A care home worker used a vulnerable resident’s bank card to purchase more than £6,000 worth of household items.

Julie Morris, 51, said the rising cost of living and the Covid-19 pandemic had affected her and her family’s financial position and she thought this was an “easier option” than asking for help.

Morris worked at Hope House care home in Clayton-le-Moors for more than 15 years before resigning with immediate effect prior to returning to work after a period of annual leave.

Prosecuting at Burnley Crown Court, Rachel Oakdene said the regional manager for Hope House, Sian Hughes, contacted the police on July 12, 2022, to report a theft.

She told them between October 7, 2021 and July 11, 2022, one of the elderly residents, Kevin Fox, had had £6,180 taken from his personal bank account.

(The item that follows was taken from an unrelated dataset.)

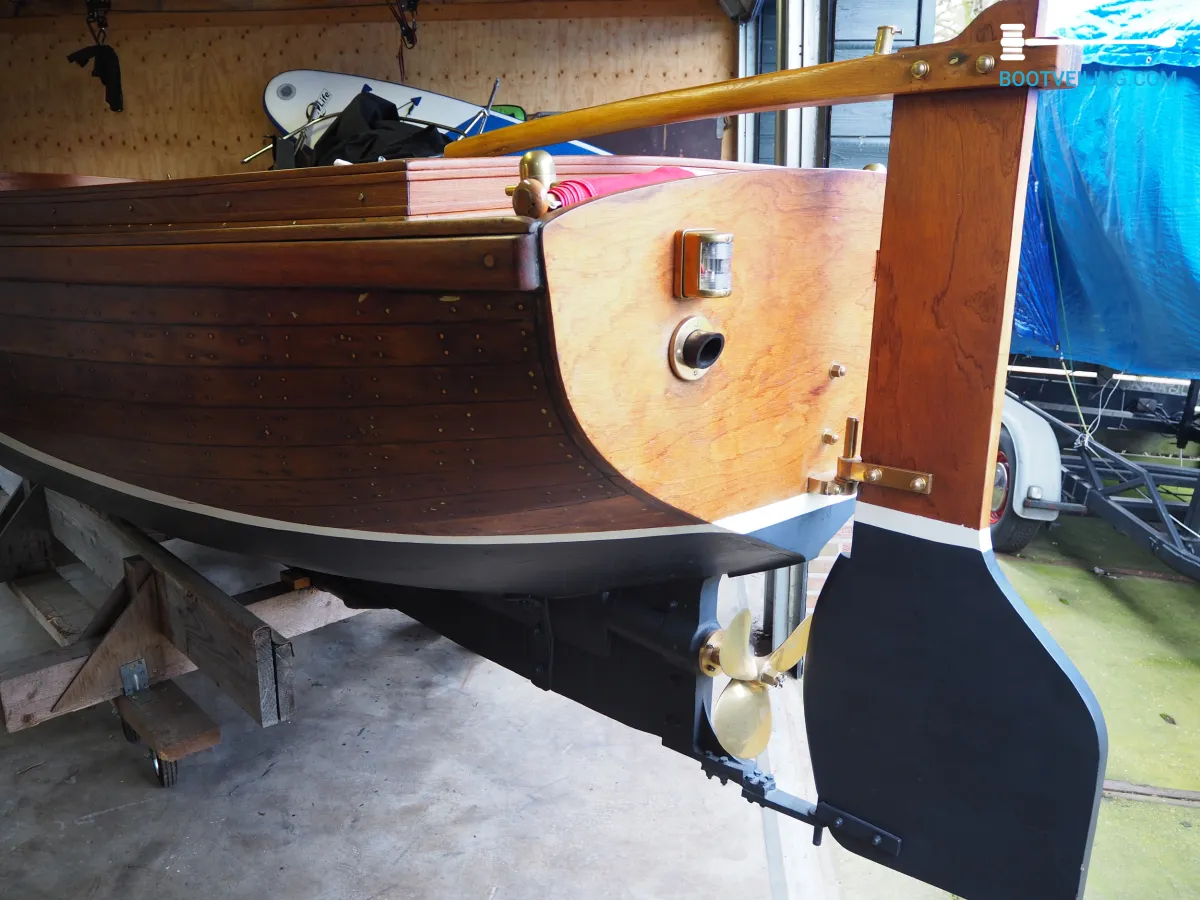 Wood Sloop Admiraal 22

Mr Fox had been a resident at the care home since October 2018 and suffered from learning difficulties, Parkinson’s Disease, and mobility issues.

Lancashire Telegraph: Hope House care homeHope House care home (Image: Google Maps)

In October 2021 staff started noticing regular activity on Mr Fox’s bank account. They cancelled the card and ordered him a new one, which was to be managed by Morris as the home’s administrator.

When a bank statement showed Mr Fox had just £8 in his account rather than the expected thousands, the home requested a breakdown of the transactions and found regular ATM withdrawals and purchases in Accrington, ranging between £50 and 200 at a time.

A safe at the home contained the card and a letter containing the pin number, which Morris had access to.

On July 27, 2022, police attended her home in Canal Street, Church, and arrested her on suspicion of theft and fraud. She made full admissions in an interview and a letter of admission was seized by the police.

In that letter, Morris said she had been struggling financially and “thought it was the easier option than to ask for help.”

She added she was “truly sorry and I will pay every penny back.”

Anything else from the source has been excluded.